Images are a critical element in today’s marketing content. They not only make website content visually appealing but also stimulate your site’s visitors to spend more time on your website. Even then, heavy and unresponsive images can affect your websites load time. According to a recent study on Kissmetrics, images with poor resolution increase your website’s load time by up 88 percent. This affects your website’s ranking and this obviously costs you traffic and money. This guide is all about compressing your website’s images to manageable levels.
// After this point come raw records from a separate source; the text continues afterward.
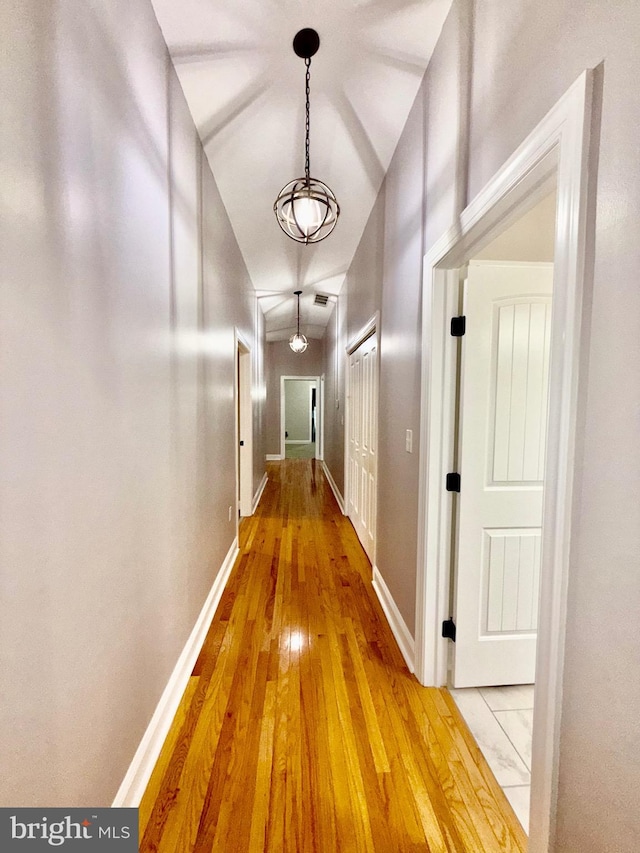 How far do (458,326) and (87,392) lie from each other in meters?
1.48

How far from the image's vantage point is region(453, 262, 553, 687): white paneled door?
1.65 meters

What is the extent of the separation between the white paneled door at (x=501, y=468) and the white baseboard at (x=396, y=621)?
0.24 meters

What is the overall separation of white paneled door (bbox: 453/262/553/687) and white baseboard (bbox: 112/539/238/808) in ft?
4.27

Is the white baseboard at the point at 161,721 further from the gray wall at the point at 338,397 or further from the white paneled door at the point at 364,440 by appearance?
the gray wall at the point at 338,397

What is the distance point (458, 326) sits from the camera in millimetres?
1651

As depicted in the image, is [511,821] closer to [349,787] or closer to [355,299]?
[349,787]

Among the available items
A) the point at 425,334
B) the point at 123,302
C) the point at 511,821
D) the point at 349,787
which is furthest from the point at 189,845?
the point at 425,334

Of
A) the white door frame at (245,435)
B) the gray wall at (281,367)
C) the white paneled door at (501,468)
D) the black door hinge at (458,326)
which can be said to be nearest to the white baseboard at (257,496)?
the white door frame at (245,435)

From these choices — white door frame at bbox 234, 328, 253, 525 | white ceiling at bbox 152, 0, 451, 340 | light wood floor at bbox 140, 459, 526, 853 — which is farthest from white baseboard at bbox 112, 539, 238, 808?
white ceiling at bbox 152, 0, 451, 340

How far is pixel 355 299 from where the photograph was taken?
375 cm

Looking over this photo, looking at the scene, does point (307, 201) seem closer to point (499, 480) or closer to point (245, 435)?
point (499, 480)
What Is Image Compression?

In a word, image compression entails reducing your images’ file size without altering the visual quality of the images. The key aim for compressing images is to reduce redundancy and boost efficiency in data transmission. You can leverage on different tools to compress images before uploading them on your website. Some of such tools include Imagemin, MozJPEG, and pngquant.

Five Ways To Compress Your Website’s Images

Using Plugins

With more than 50 percent if today’s blogs and websites powered by Wordpress platform, plugins have proved a handy tool for optimizing website content. Plugins help optimize images automatically before you upload them on your website. Some of the plugins you could want to check out, and use on your cranky website, include Imagify, Shortpixel, and Optimus Image optimizer.

MOZJPEG For JPEG Images

JPEG images make a website look sexy, or don’t they? If you intend to use continuous-tone images, then the JPEG format is the best choice as the gradients are rendered clearly on your webpages. Mozilla’s MOZJpeg tool helps optimize any JPEG image. The merits of using this tool are that the resulting images have a high resolution and are easy to load on your webs pages.

PNGQUANT For PNG Images

This tool offers a nice balance between image quality and the resultant file size. It’s not uncommon to achieve up 70 percent file size reduction without any significant loss of visual quality. It is noteworthy to mention that you will have to download the PNGQUANT tool before you can start using it.
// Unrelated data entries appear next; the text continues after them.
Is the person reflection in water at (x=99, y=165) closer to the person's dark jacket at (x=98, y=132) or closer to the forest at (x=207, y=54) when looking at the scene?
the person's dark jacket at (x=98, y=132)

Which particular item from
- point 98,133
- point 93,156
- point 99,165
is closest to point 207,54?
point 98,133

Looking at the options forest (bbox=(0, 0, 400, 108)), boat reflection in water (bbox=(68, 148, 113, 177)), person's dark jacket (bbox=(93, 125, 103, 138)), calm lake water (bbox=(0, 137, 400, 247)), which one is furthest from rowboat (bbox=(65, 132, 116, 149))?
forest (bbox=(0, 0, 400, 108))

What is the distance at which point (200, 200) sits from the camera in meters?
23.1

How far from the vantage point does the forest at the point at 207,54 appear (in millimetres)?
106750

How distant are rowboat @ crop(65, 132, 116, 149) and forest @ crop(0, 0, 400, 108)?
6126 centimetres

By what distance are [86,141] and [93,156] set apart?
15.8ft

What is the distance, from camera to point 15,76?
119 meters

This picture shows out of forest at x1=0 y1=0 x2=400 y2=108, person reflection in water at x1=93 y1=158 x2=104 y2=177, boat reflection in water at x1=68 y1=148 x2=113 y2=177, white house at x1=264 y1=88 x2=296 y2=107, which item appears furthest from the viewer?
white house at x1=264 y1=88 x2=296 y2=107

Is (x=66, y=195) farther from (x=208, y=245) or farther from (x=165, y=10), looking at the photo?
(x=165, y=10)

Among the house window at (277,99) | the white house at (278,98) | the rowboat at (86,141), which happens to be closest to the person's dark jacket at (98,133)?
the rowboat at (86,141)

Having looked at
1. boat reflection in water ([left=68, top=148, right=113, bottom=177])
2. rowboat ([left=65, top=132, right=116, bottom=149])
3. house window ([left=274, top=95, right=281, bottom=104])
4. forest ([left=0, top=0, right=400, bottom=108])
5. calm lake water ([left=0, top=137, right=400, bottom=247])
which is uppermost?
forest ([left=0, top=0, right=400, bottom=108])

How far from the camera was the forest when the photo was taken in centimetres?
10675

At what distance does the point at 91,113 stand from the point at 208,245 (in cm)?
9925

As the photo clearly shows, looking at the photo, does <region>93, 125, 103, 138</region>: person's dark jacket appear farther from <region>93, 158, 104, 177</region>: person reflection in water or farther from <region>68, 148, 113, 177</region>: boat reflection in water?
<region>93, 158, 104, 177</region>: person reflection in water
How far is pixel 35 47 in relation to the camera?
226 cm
Leveraging On The WEBP Format

Besides trying to compress your PNG and JPEG images, you can also convert them to the Google’s WEBP format. The WEBP entails converting images into lossless and lossy formats that are easier and lighter to upload on the web. With WEBP format, you will retain the quality of your images even with the reduced file size.

Once you have converted your PNG or JPEG images into WEBP format, it may help to render them as HTML to browsers. Browsers that are formatted to display image/webp will fetch and display your images as WEBP while browsers that aren’t enabled for the same will fetch the JPEG variant of the image.

Wrapping It Up

Optimizing images on your site is a vital step to enhancing your site’s load speed, ranking on search engines, online viewership and, ultimately, the revenue that your website generates. That’s why you should strive to ensure every image is not compressed but also optimized to fit in to your website’s content and appease your readers.